(Captioned web images)
++++

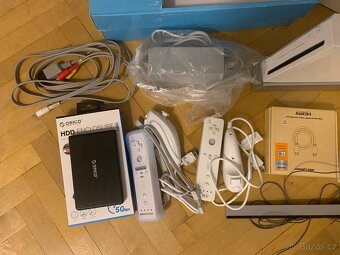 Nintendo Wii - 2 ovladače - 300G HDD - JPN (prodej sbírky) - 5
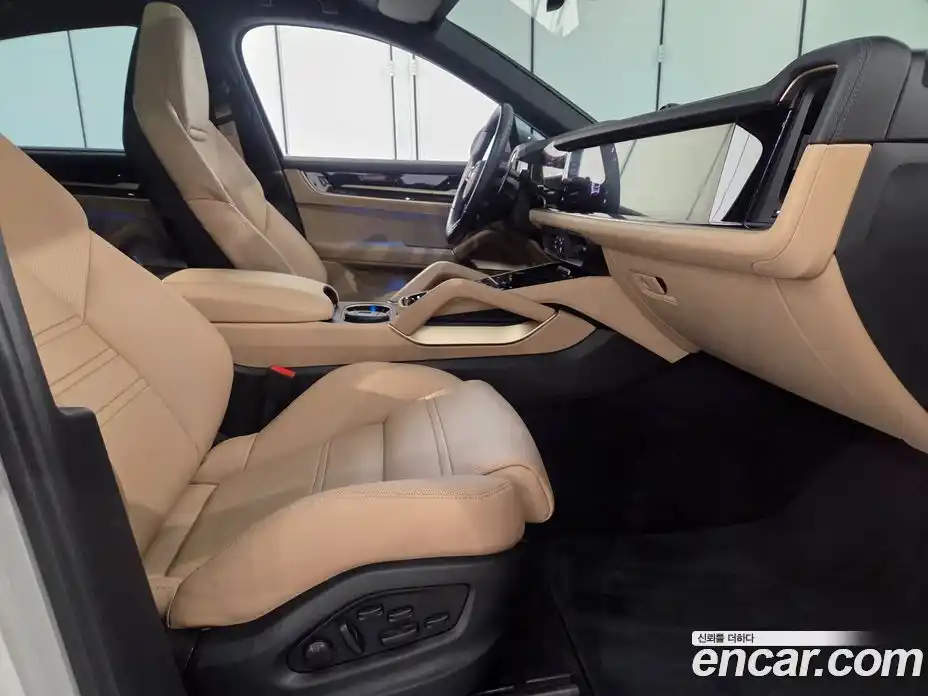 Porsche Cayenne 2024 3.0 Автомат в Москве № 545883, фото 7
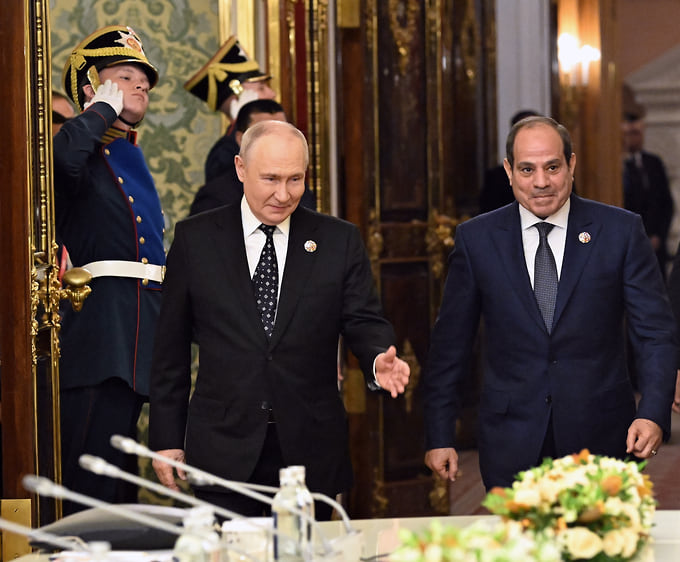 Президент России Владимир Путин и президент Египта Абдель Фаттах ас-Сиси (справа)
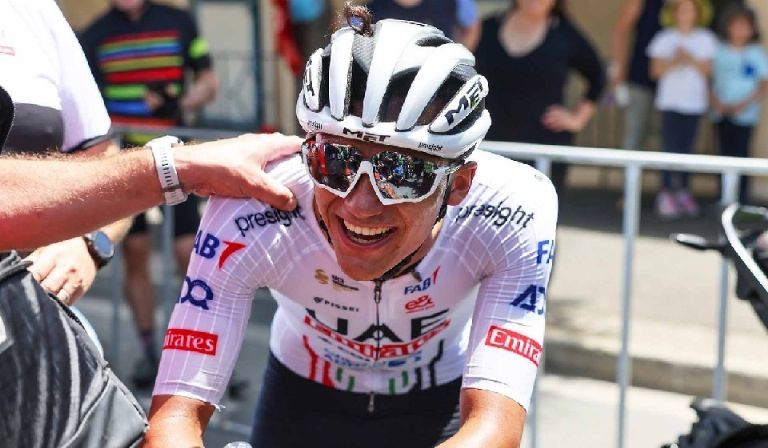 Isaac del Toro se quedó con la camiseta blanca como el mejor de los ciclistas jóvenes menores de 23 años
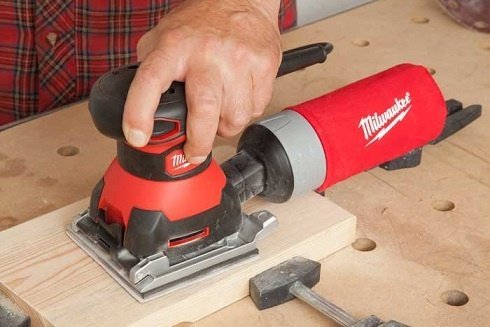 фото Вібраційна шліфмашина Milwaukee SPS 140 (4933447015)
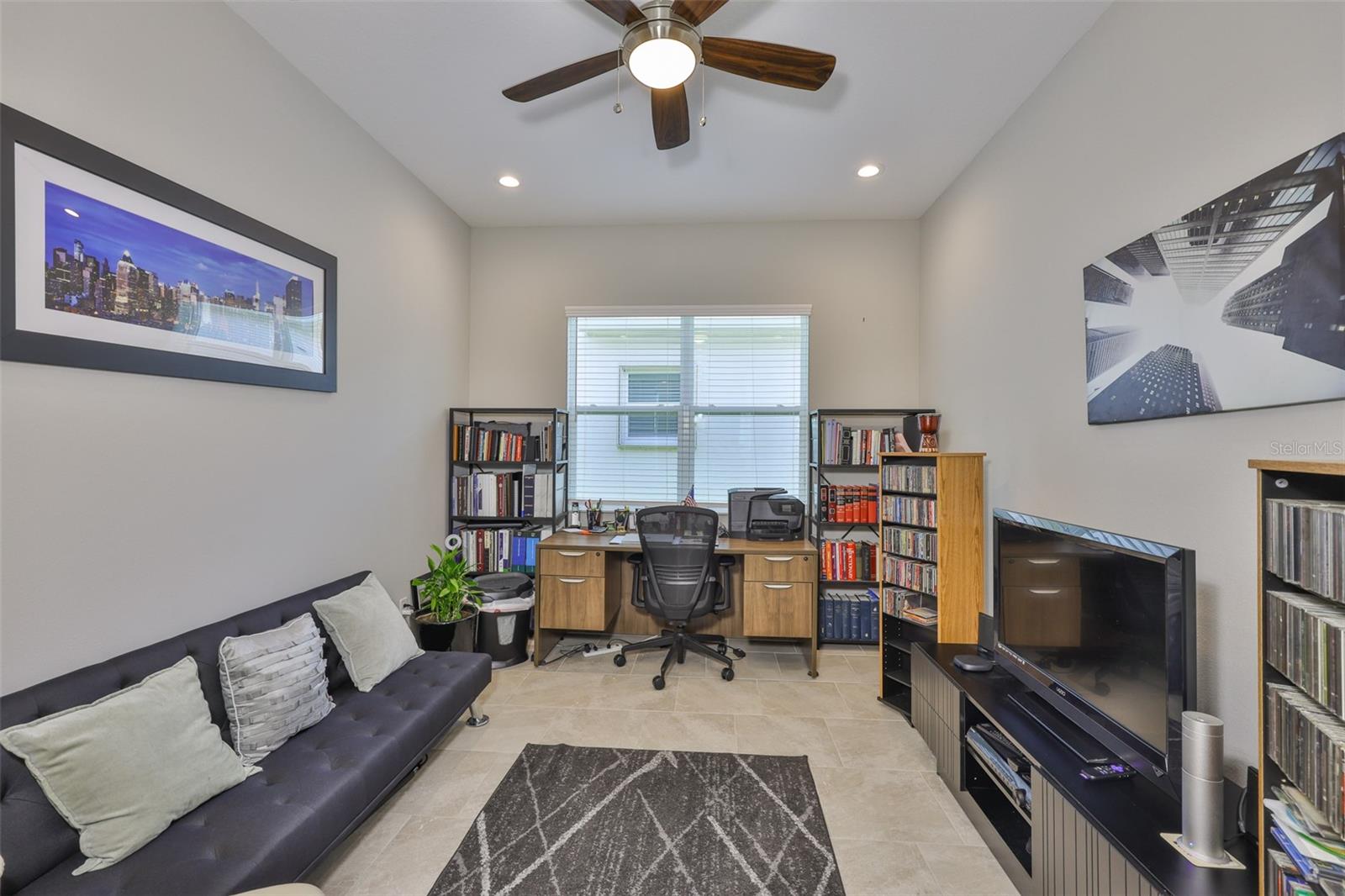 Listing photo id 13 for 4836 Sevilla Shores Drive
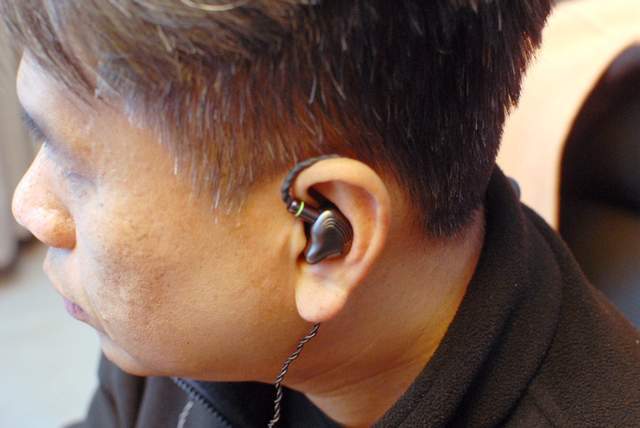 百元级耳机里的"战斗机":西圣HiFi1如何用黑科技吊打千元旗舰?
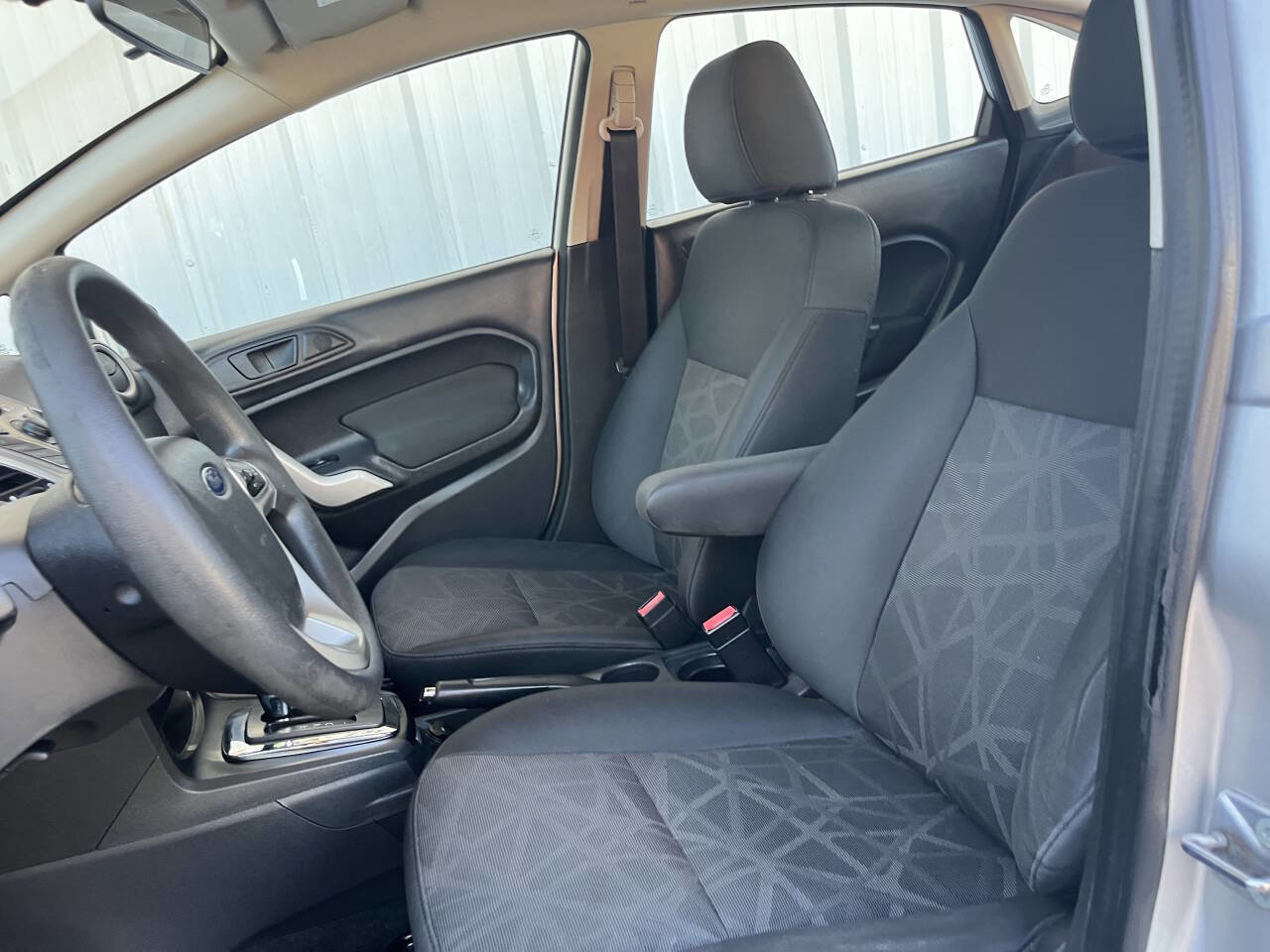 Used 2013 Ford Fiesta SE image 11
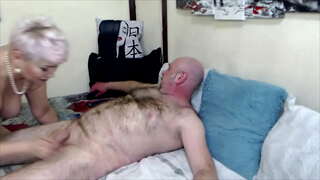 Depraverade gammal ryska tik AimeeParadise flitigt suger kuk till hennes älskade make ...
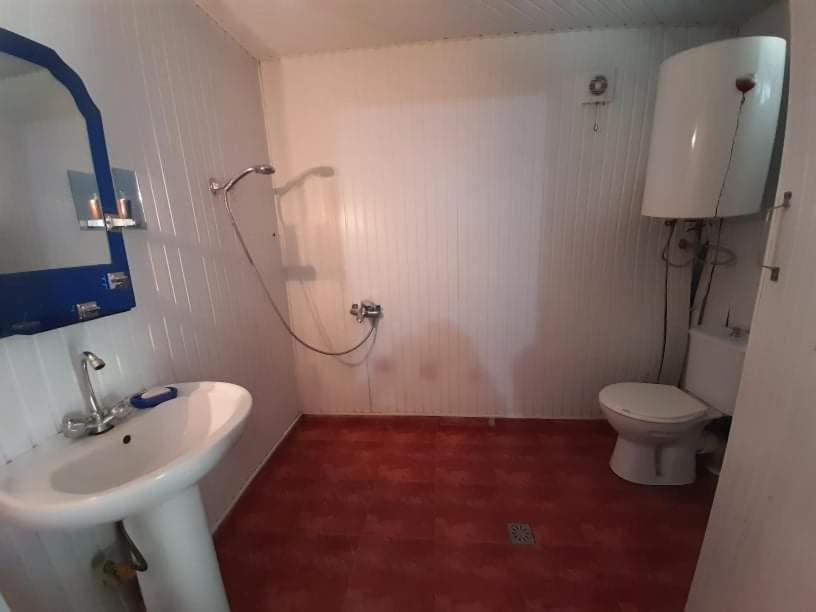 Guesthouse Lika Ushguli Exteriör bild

++++

TASK INSTRUCTIONS >> Transcribe all of the data above exactly; no picture belongs in the copy.

ANSWER FOR THE TASK >>
 Nintendo Wii - 2 ovladače - 300G HDD - JPN (prodej sbírky) - 5
 Porsche Cayenne 2024 3.0 Автомат в Москве № 545883, фото 7
 Президент России Владимир Путин и президент Египта Абдель Фаттах ас-Сиси (справа)
 Isaac del Toro se quedó con la camiseta blanca como el mejor de los ciclistas jóvenes menores de 23 años
 фото Вібраційна шліфмашина Milwaukee SPS 140 (4933447015)
 Listing photo id 13 for 4836 Sevilla Shores Drive
 百元级耳机里的"战斗机":西圣HiFi1如何用黑科技吊打千元旗舰?
 Used 2013 Ford Fiesta SE image 11
 Depraverade gammal ryska tik AimeeParadise flitigt suger kuk till hennes älskade make ...
 Guesthouse Lika Ushguli Exteriör bild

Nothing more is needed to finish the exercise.